CP & L contends that Tax Code section 171.109(b) does not require it to capitalize its AFUDC-equity as an asset in computing its franchise tax, and attacks the Comptroller’s interpretation to the contrary as unconstitutional. CP & L argues that the Comptroller’s interpretation of Tax Code section 171.109(b) results in unequal taxation because it requires utilities to capitalize AFUDC-equity, but does not require private companies to do so. CP & L also claims that the Comptroller’s interpretation of Tax Code section 171.109(b) forces it to compute franchise tax liability using the “books and records” method of accounting, a circumstance which this Corut found to violate the state constitutional requirement that all taxes be equal and uniform. See Tex. Const, art. VIII, § 1; Bullock v. Sage Energy Co., 728 S.W.2d 465, 468 (Tex.App.—Austin 1987, writ refd n.r.e.). Finally, CP & L asserts that the Comptroller’s reliance on FASB pronouncements as “generally accepted accounting principles” results in an unconstitutional delegation of legislative power to an unofficial agency. See Tex. Const, art. Ill, § 1.

Discussion and Holding

CP & L contends in its third point of error that the Comptroller’s interpretation of “generally accepted accounting principles” to comprise Financial Accounting Standards results in tax classifications that afford disparate treatment to similarly situated taxpayers. See Tex.Tax Code Ann. § 171.109(b) (West 1992); 34 Tex.Admin.Code § 3.547(d)(1) (West 1995). Financial Accounting Standard 71 provides that regulated companies must capitalize AFUDC-equity, while Financial Accounting Standard 34 does not require non-regulated companies to capitalize AFUDC-equity. CP & L argues that because there is no rational basis justifying this disparate treatment, the Comptroller’s interpretation runs afoul of the state constitutional provision requiring equal and uniform taxation. See Tex. Const, art. VIII, § 1.

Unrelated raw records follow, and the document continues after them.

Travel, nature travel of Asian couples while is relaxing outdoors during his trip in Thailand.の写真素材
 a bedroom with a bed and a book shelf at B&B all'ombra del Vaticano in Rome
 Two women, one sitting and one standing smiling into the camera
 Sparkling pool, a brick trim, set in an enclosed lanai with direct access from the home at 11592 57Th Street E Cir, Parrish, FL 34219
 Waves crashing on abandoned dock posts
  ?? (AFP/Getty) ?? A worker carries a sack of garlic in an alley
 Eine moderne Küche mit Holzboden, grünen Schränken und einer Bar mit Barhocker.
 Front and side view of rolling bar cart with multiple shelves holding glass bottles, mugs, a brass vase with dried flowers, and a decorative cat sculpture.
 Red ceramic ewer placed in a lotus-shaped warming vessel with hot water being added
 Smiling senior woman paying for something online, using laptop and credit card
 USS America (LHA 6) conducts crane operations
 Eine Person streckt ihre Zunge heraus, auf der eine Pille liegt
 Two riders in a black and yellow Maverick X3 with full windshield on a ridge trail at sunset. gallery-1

Administrative rules are constitutional if they are consistent with the statute and are reasonable. Bullock v. Hewlett-Packard, 628 S.W.2d 754, 756 (Tex.1982). CP & L essentially attacks the Comptroller’s interpretation of Tax Code section 171.109(b) as unreasonable because it results in an unequal and non-uniform tax, in violation of the *489 state constitution. When an agency interpretation is in effect at the time the legislature amends the law without making substantial change in the statute, the legislature is deemed to have accepted the agency’s interpretation.